[*1]
People v O'Connor (Michael)
2008 NY Slip Op 50901(U) [19 Misc 3d 139(A)]
Decided on April 21, 2008
Appellate Term, Second Department
Published by New York State Law Reporting Bureau pursuant to Judiciary Law § 431.
This opinion is uncorrected and will not be published in the printed Official Reports.


Decided on April 21, 2008
SUPREME COURT OF THE STATE OF NEW YORK

APPELLATE TERM: 9th and 10th JUDICIAL DISTRICTS

PRESENT: : TANENBAUM, J.P., MOLIA and SCHEINKMAN, JJ
2006-2011 W CR.

The People of the State of New York, Respondent,

against

Michael O'Connor, Appellant.


Appeal from a judgment of the City Court of Rye, Westchester County (Peter Lane, J.), rendered October 31, 2006. The judgment convicted defendant, upon his plea of guilty, of aggravated harassment in the second degree.

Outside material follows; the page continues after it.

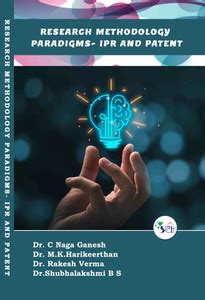 Research Methodology Paradigms- IPR and Patent: Buy Research ...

Judgment of conviction affirmed.

Defendant pleaded guilty to aggravated harassment in the second degree (Penal Law § 240.30 [1] [a]) and executed a general waiver of rights, which included the right to appeal. Defendant was sentenced to time served, and the court issued a five-year order of protection on the victim's behalf (CPL 530.13 [4]).

We agree with defendant that the record does not reveal that his waiver of the right to appeal was "obtained under constitutionally acceptable circumstances" (People v Callahan, 80 NY2d 273, 283 [1992]), as there is no indication that defendant was informed by his counsel, the court, or the waiver form, as to the consequences of such a waiver that are "separate and distinct from those rights automatically forfeited upon a plea of guilty" (People v Lopez, 6 NY3d 248, 256 [2006]). However, as defendant's claims either survive an appeal waiver or are barred by his unchallenged guilty plea, the waiver's invalidity does not affect the determination of the appeal.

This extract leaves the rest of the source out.